|This latest reaction seemed to stem from events on April 9, which had less to do with the area’s teens than to a warm weekend that lured many people out of their homes and to the Loop. The area was overwhelmed by dense auto and sidewalk traffic, and the day’s festive mood was spoiled by an assault that didn’t involve a teen, but rather a young adult.
Teens on teens
Even so, the teen issue remains in the spotlight. Talks range from tightening the curfew to jumpstarting a regional discussion about alternative places for young people to gather.
Teens interviewed for this report were upset by what they see as rude behavior by a few spoiling the fun for everyone. In addition, some teens said they felt that they are being unfairly viewed as potential troublemakers.

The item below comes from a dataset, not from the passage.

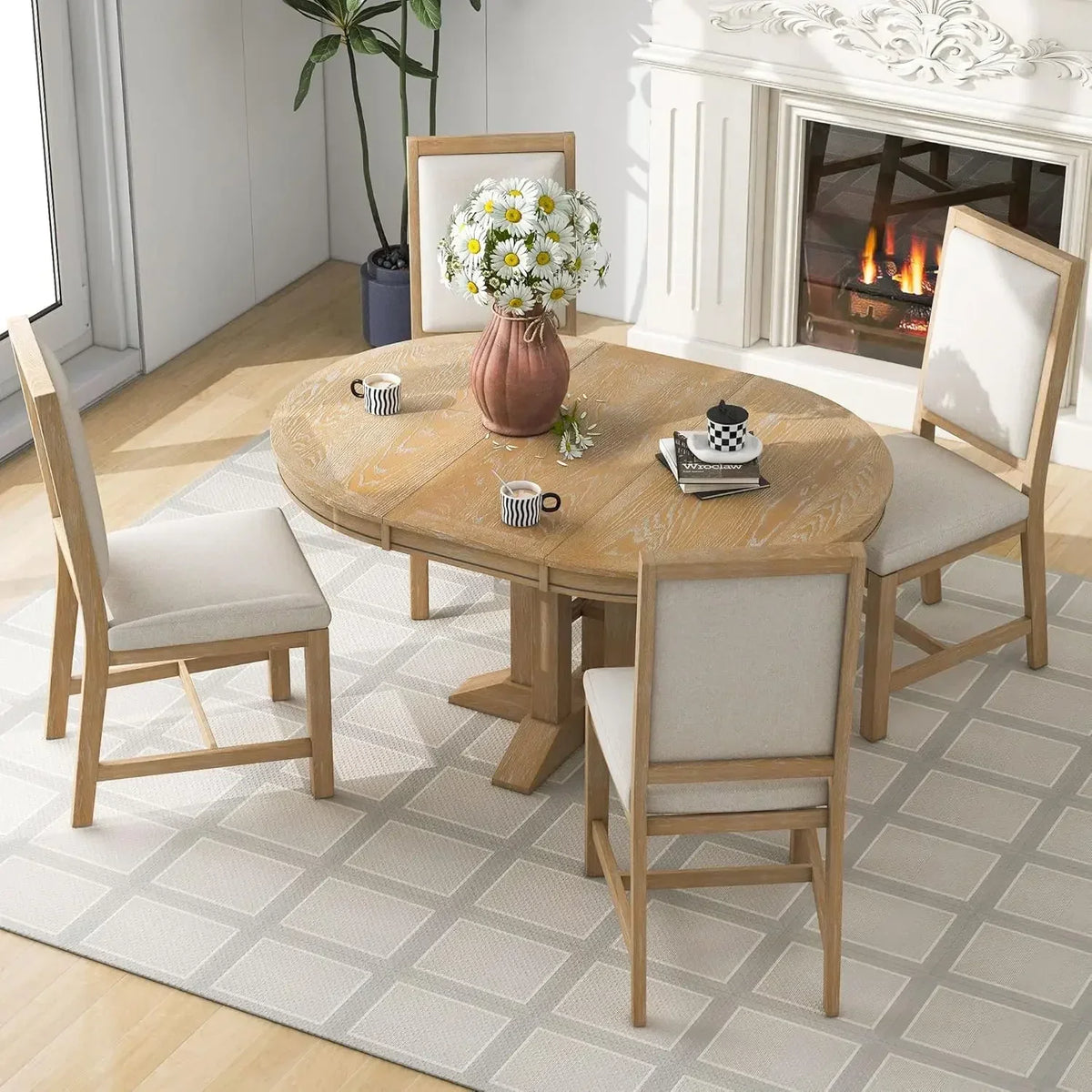 （XMSJ-Hot）5-Piece Farmhouse Round Dining Table Set with Extendable Round Table and 4 Upholstered Chairs, Compact Table Set for K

Young people who spoke with the Beacon about these issues included two teens at the Herbert Hoover Boys & Girls Club in north St. Louis. The club requested that the names of the two be withheld..

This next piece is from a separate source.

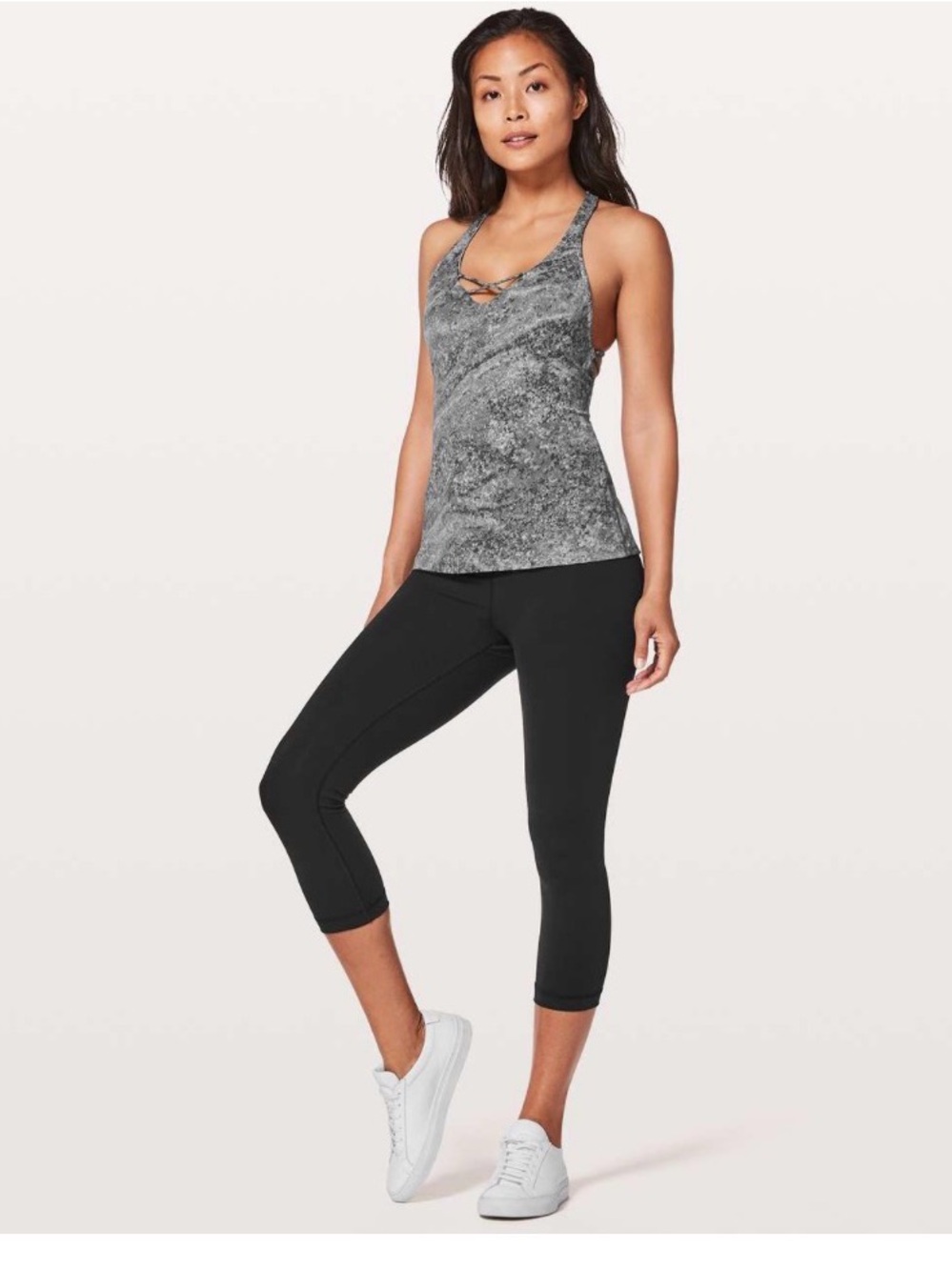 Lululemon Gray Marble-Print Crisscross Sports Tank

One is an 18-year-old senior at Metro High School in St. Louis, who has earned a full academic scholarship to college. He says teens who might misbehave in the Loop “are looking for attention, crying out for something to do. So they might start fights. The outlet for them is fighting because that’s all they know. They need someone positive in their lives.”
More Hoover clubs should be built to accommodate youth in University City and other communities, he said.
The second student is a 15-year-old freshman at McKinley Classical Leadership Academy in St. Louis.
“I don’t really hang out at the Loop,” she says. “Some of us go there just because girls like shopping. But teenagers don’t always have a place to hang out because everyone looks down on you really, even if you don’t cause trouble. ”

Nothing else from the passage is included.